----- DATA FOR REVIEW
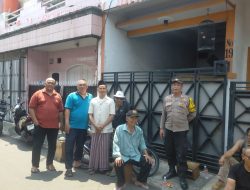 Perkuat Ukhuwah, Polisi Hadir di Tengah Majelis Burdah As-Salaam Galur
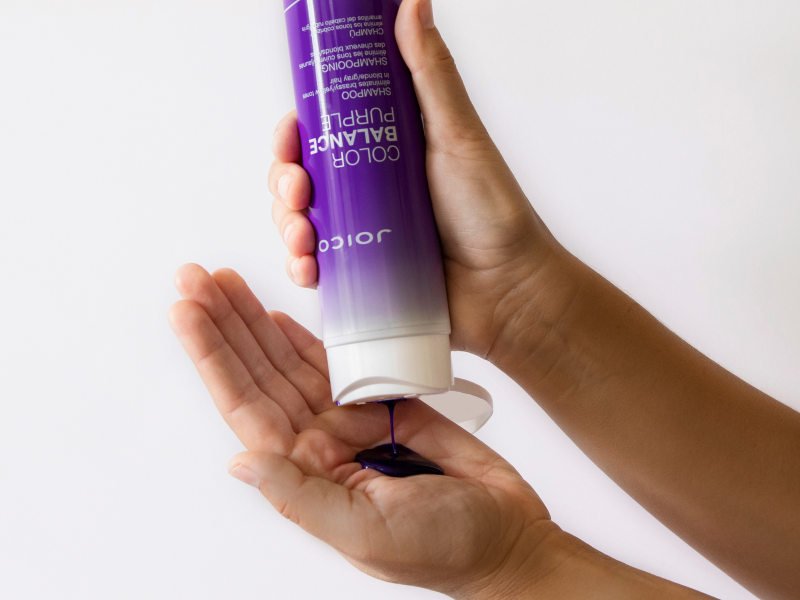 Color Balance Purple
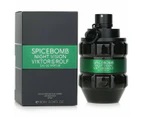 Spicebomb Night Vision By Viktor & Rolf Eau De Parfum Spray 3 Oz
----------
----- DATA FOR REVIEW
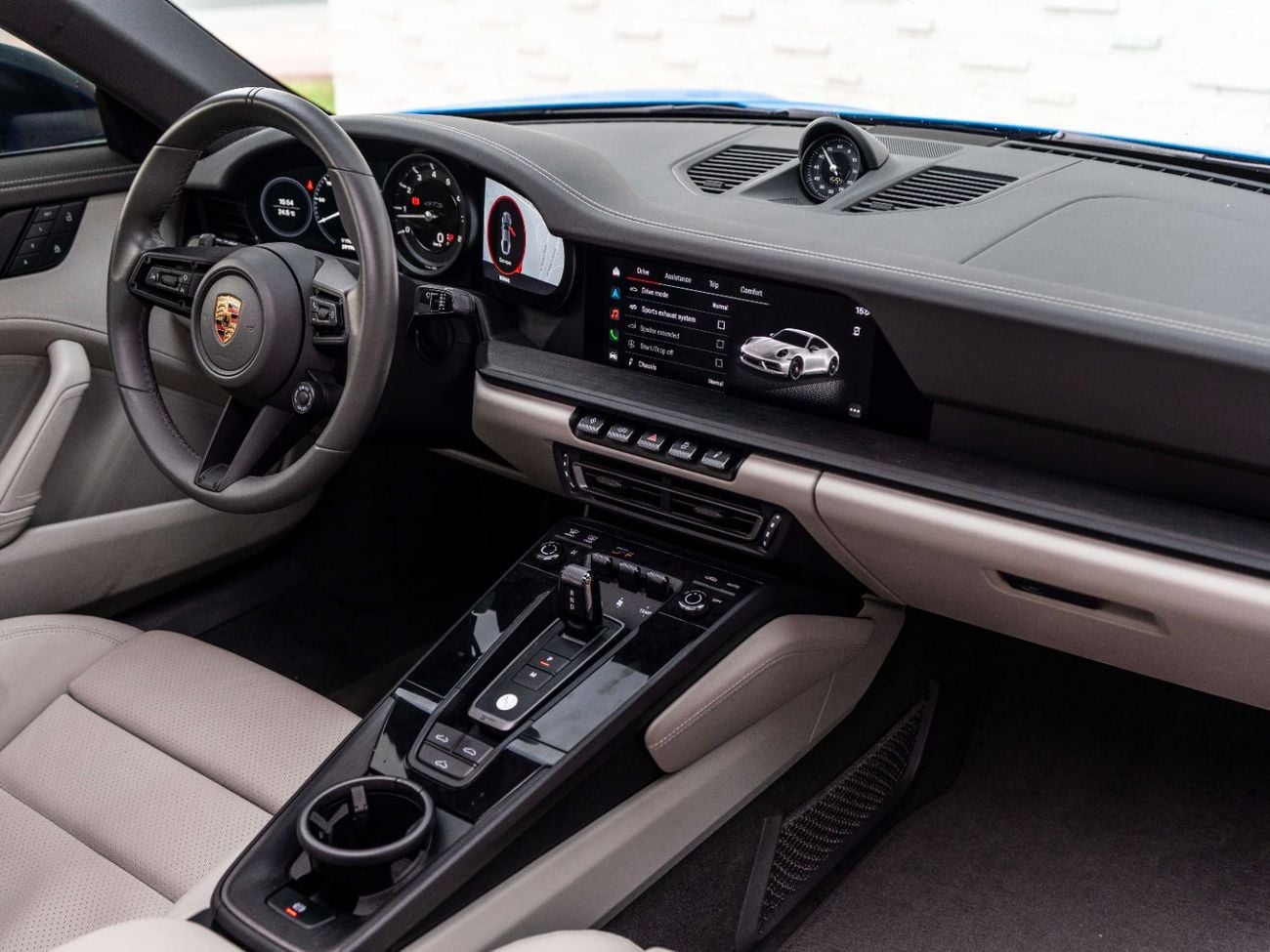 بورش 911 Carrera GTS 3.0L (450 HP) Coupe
----------
Could you output exactly the lines above, from the line with "Color Balance Purple" up to and including the line with "Spicebomb Night Vision", and nothing else, skipping the pictures?

§ EXERCISE OUTPUT:
 Color Balance Purple
 Spicebomb Night Vision By Viktor & Rolf Eau De Parfum Spray 3 Oz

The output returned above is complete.